_Your assignment_
From start to end, write out the following data exactly, apart from its images.
### Supplied material ###
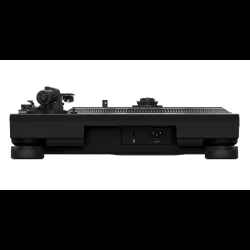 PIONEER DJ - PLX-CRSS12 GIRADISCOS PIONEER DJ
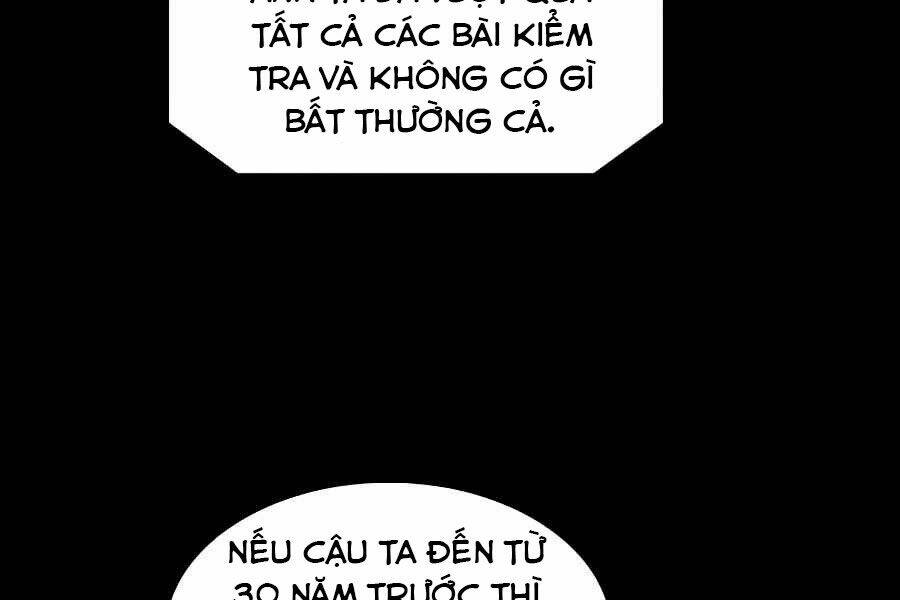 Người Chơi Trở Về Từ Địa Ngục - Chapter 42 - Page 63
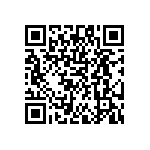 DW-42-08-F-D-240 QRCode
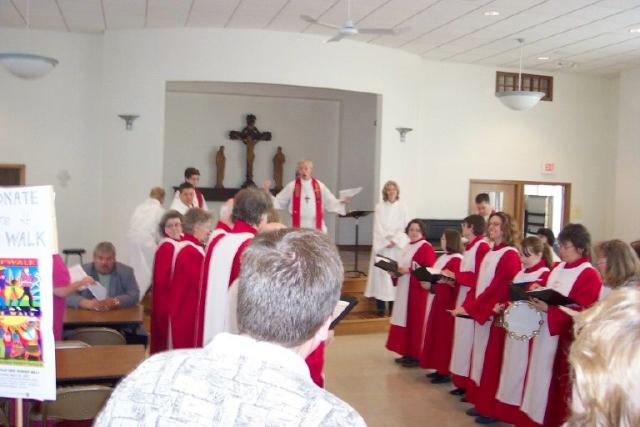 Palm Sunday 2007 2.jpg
###
_Task result_
 PIONEER DJ - PLX-CRSS12 GIRADISCOS PIONEER DJ
 Người Chơi Trở Về Từ Địa Ngục - Chapter 42 - Page 63
 DW-42-08-F-D-240 QRCode
 Palm Sunday 2007 2.jpg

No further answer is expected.